## [WHAT TO PRODUCE]
Return the listing below unchanged, minus its pictures.

## [EXERCISE DATA]
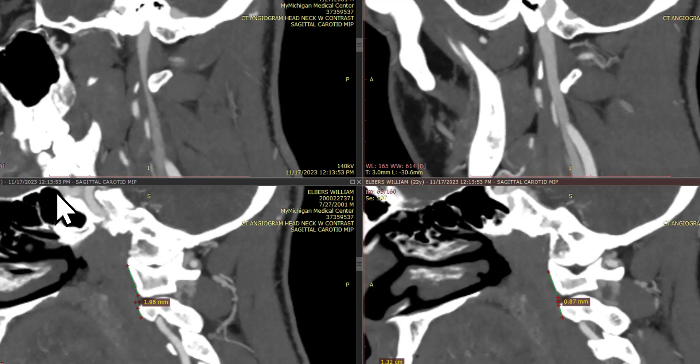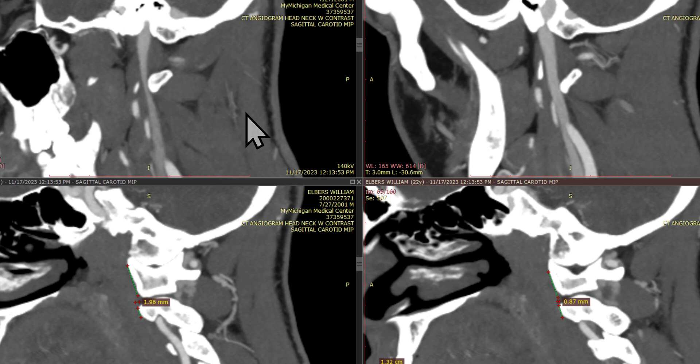Hey, it's Dr. Centeno. Let's take a look at internal jugular vein compression and why in CCI patients this is a dynamic phenomenon, or usually a dynamic phenomenon. So here we have a CTA.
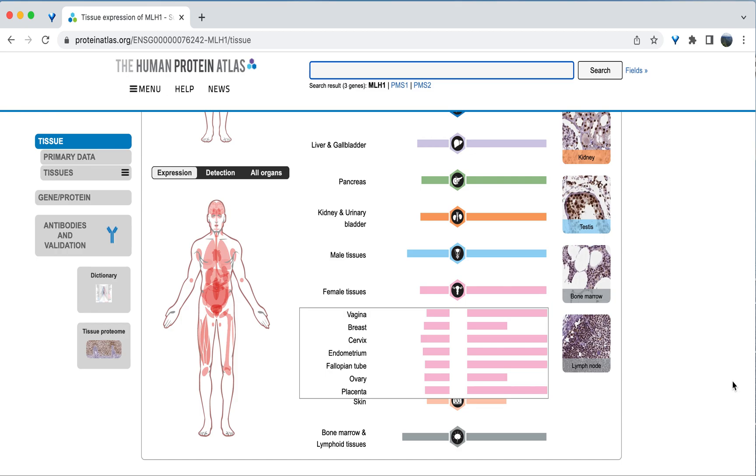Let's look at another gene as a comparison. ACE is a gene involved in blood pressure control and regulates fluid volume in the body. I will type ACE into the search bar and then hit search.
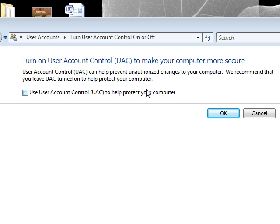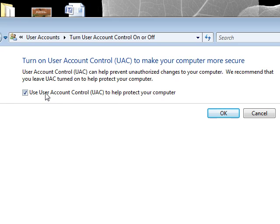It protects you from viruses and stuff. If you want to increase your productivity and other things and you're not getting prompted like 17 times an hour, I suggest you uncheck that and click OK.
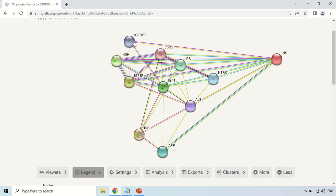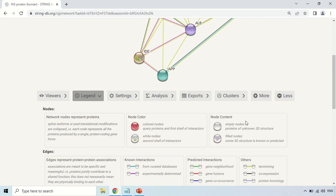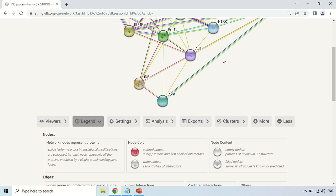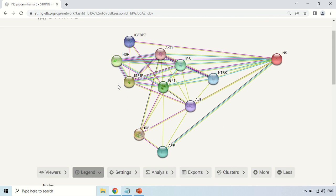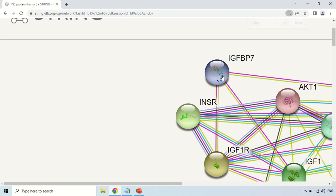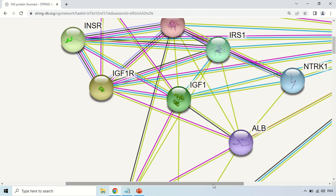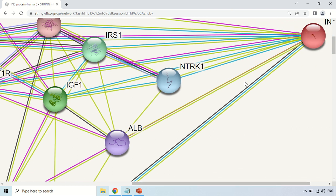Here, nodes in color boxes show the first shell of interaction, and white boxes represent the second shell of interaction. Additionally, if these are empty nodes — meaning no structure is shown inside them — it means the 3D structure of that protein is not known. But if there are structures within these nodes, meaning they are filled nodes, it means some 3D structure is known. You can clearly see structures within certain nodes, meaning the 3D structure of those proteins is available. If they are transparent or white with no structure inside, their 3D structure is not available.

## [TASK SOLUTION]
Hey, it's Dr. Centeno. Let's take a look at internal jugular vein compression and why in CCI patients this is a dynamic phenomenon, or usually a dynamic phenomenon. So here we have a CTA.
Let's look at another gene as a comparison. ACE is a gene involved in blood pressure control and regulates fluid volume in the body. I will type ACE into the search bar and then hit search.
It protects you from viruses and stuff. If you want to increase your productivity and other things and you're not getting prompted like 17 times an hour, I suggest you uncheck that and click OK.
Here, nodes in color boxes show the first shell of interaction, and white boxes represent the second shell of interaction. Additionally, if these are empty nodes — meaning no structure is shown inside them — it means the 3D structure of that protein is not known. But if there are structures within these nodes, meaning they are filled nodes, it means some 3D structure is known. You can clearly see structures within certain nodes, meaning the 3D structure of those proteins is available. If they are transparent or white with no structure inside, their 3D structure is not available.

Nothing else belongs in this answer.